§ STORED DATA:
■ ■ ■ ■ ■
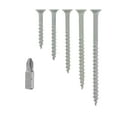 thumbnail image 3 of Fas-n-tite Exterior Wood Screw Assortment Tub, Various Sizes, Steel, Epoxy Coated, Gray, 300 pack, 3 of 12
■ ■ ■ ■ ■
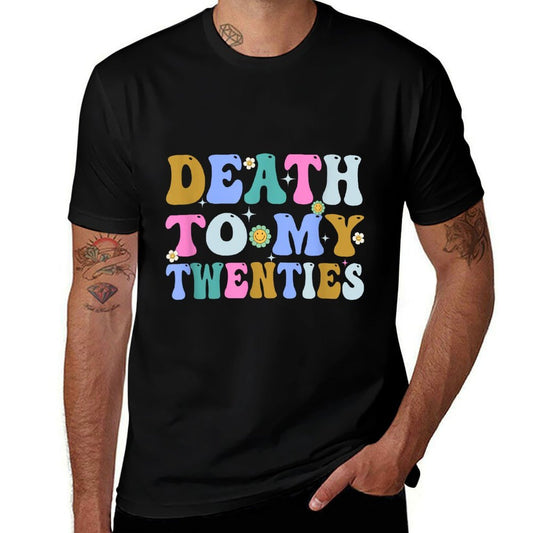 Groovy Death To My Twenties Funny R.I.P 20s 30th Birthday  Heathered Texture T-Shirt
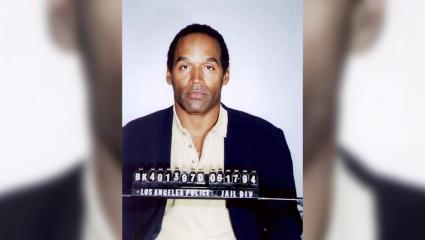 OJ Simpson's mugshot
■ ■ ■ ■ ■
Look above for the line containing "Groovy Death To" and the line containing "OJ Simpson's mugshot", then reproduce both and everything between them exactly, pictures omitted.

 Groovy Death To My Twenties Funny R.I.P 20s 30th Birthday  Heathered Texture T-Shirt
 OJ Simpson's mugshot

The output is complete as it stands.